====== Given records

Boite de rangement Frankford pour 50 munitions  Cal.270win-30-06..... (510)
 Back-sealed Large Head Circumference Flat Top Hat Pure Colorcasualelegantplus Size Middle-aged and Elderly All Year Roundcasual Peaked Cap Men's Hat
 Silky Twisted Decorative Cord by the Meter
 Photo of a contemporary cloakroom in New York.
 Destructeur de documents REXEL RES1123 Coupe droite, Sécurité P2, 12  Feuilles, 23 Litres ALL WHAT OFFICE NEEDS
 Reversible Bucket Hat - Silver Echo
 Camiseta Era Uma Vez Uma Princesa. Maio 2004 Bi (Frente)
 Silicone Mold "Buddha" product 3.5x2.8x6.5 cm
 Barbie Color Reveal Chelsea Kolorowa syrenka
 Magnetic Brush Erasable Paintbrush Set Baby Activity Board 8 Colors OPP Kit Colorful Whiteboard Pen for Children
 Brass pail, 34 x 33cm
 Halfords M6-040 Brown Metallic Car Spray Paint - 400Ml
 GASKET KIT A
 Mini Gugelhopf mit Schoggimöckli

============

> [Brief]:
Repeat only the lines from the one holding "Camiseta Era Uma" through the last line of the data.

> [Exercise output]:
 Camiseta Era Uma Vez Uma Princesa. Maio 2004 Bi (Frente)
 Silicone Mold "Buddha" product 3.5x2.8x6.5 cm
 Barbie Color Reveal Chelsea Kolorowa syrenka
 Magnetic Brush Erasable Paintbrush Set Baby Activity Board 8 Colors OPP Kit Colorful Whiteboard Pen for Children
 Brass pail, 34 x 33cm
 Halfords M6-040 Brown Metallic Car Spray Paint - 400Ml
 GASKET KIT A
 Mini Gugelhopf mit Schoggimöckli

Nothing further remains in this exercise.